TASK INSTRUCTIONS →
Each entry must be restated exactly as it appears.

PROVIDED RECORDS →
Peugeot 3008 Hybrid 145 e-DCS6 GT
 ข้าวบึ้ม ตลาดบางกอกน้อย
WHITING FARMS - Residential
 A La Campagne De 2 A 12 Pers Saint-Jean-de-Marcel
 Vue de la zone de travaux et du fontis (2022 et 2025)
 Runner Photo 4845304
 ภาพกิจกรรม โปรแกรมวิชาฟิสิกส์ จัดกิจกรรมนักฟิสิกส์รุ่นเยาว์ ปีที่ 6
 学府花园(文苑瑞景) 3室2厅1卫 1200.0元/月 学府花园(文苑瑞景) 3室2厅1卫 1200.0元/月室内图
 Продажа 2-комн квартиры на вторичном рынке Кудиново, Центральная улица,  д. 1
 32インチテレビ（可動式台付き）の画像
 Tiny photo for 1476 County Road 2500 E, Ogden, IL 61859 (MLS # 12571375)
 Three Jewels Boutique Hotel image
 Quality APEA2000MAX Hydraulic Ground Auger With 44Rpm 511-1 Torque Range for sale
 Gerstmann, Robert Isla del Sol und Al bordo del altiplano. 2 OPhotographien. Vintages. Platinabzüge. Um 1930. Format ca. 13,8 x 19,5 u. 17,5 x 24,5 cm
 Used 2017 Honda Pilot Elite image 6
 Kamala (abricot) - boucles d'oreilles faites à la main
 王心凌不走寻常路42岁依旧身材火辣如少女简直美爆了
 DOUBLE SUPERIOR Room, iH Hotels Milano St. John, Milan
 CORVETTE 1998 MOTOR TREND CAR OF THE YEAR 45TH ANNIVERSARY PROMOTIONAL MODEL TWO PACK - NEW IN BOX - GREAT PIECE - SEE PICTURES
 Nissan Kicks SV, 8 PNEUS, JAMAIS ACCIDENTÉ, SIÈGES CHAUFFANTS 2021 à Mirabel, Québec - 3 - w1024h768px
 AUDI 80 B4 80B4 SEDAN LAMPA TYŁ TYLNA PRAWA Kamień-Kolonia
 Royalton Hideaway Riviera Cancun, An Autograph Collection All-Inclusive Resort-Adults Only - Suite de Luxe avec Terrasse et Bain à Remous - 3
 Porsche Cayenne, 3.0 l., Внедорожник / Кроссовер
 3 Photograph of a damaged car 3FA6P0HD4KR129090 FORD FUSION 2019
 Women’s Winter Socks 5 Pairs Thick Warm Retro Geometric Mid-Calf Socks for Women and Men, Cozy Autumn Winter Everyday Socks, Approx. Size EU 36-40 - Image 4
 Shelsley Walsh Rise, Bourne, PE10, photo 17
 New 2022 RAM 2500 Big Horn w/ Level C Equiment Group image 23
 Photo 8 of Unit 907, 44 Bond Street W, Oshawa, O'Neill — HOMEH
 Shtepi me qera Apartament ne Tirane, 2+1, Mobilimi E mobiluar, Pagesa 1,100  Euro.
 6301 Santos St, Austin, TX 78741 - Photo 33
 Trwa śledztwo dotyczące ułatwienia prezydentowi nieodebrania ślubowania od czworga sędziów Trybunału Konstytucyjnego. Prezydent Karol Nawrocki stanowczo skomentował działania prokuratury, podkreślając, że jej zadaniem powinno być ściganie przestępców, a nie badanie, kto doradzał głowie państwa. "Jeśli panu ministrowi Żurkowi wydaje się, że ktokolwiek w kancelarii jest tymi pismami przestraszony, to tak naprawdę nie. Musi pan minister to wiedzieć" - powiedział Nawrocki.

RESPONSE TO THIS EXERCISE →
Peugeot 3008 Hybrid 145 e-DCS6 GT
 ข้าวบึ้ม ตลาดบางกอกน้อย
WHITING FARMS - Residential
 A La Campagne De 2 A 12 Pers Saint-Jean-de-Marcel
 Vue de la zone de travaux et du fontis (2022 et 2025)
 Runner Photo 4845304
 ภาพกิจกรรม โปรแกรมวิชาฟิสิกส์ จัดกิจกรรมนักฟิสิกส์รุ่นเยาว์ ปีที่ 6
 学府花园(文苑瑞景) 3室2厅1卫 1200.0元/月 学府花园(文苑瑞景) 3室2厅1卫 1200.0元/月室内图
 Продажа 2-комн квартиры на вторичном рынке Кудиново, Центральная улица,  д. 1
 32インチテレビ（可動式台付き）の画像
 Tiny photo for 1476 County Road 2500 E, Ogden, IL 61859 (MLS # 12571375)
 Three Jewels Boutique Hotel image
 Quality APEA2000MAX Hydraulic Ground Auger With 44Rpm 511-1 Torque Range for sale
 Gerstmann, Robert Isla del Sol und Al bordo del altiplano. 2 OPhotographien. Vintages. Platinabzüge. Um 1930. Format ca. 13,8 x 19,5 u. 17,5 x 24,5 cm
 Used 2017 Honda Pilot Elite image 6
 Kamala (abricot) - boucles d'oreilles faites à la main
 王心凌不走寻常路42岁依旧身材火辣如少女简直美爆了
 DOUBLE SUPERIOR Room, iH Hotels Milano St. John, Milan
 CORVETTE 1998 MOTOR TREND CAR OF THE YEAR 45TH ANNIVERSARY PROMOTIONAL MODEL TWO PACK - NEW IN BOX - GREAT PIECE - SEE PICTURES
 Nissan Kicks SV, 8 PNEUS, JAMAIS ACCIDENTÉ, SIÈGES CHAUFFANTS 2021 à Mirabel, Québec - 3 - w1024h768px
 AUDI 80 B4 80B4 SEDAN LAMPA TYŁ TYLNA PRAWA Kamień-Kolonia
 Royalton Hideaway Riviera Cancun, An Autograph Collection All-Inclusive Resort-Adults Only - Suite de Luxe avec Terrasse et Bain à Remous - 3
 Porsche Cayenne, 3.0 l., Внедорожник / Кроссовер
 3 Photograph of a damaged car 3FA6P0HD4KR129090 FORD FUSION 2019
 Women’s Winter Socks 5 Pairs Thick Warm Retro Geometric Mid-Calf Socks for Women and Men, Cozy Autumn Winter Everyday Socks, Approx. Size EU 36-40 - Image 4
 Shelsley Walsh Rise, Bourne, PE10, photo 17
 New 2022 RAM 2500 Big Horn w/ Level C Equiment Group image 23
 Photo 8 of Unit 907, 44 Bond Street W, Oshawa, O'Neill — HOMEH
 Shtepi me qera Apartament ne Tirane, 2+1, Mobilimi E mobiluar, Pagesa 1,100  Euro.
 6301 Santos St, Austin, TX 78741 - Photo 33
 Trwa śledztwo dotyczące ułatwienia prezydentowi nieodebrania ślubowania od czworga sędziów Trybunału Konstytucyjnego. Prezydent Karol Nawrocki stanowczo skomentował działania prokuratury, podkreślając, że jej zadaniem powinno być ściganie przestępców, a nie badanie, kto doradzał głowie państwa. "Jeśli panu ministrowi Żurkowi wydaje się, że ktokolwiek w kancelarii jest tymi pismami przestraszony, to tak naprawdę nie. Musi pan minister to wiedzieć" - powiedział Nawrocki.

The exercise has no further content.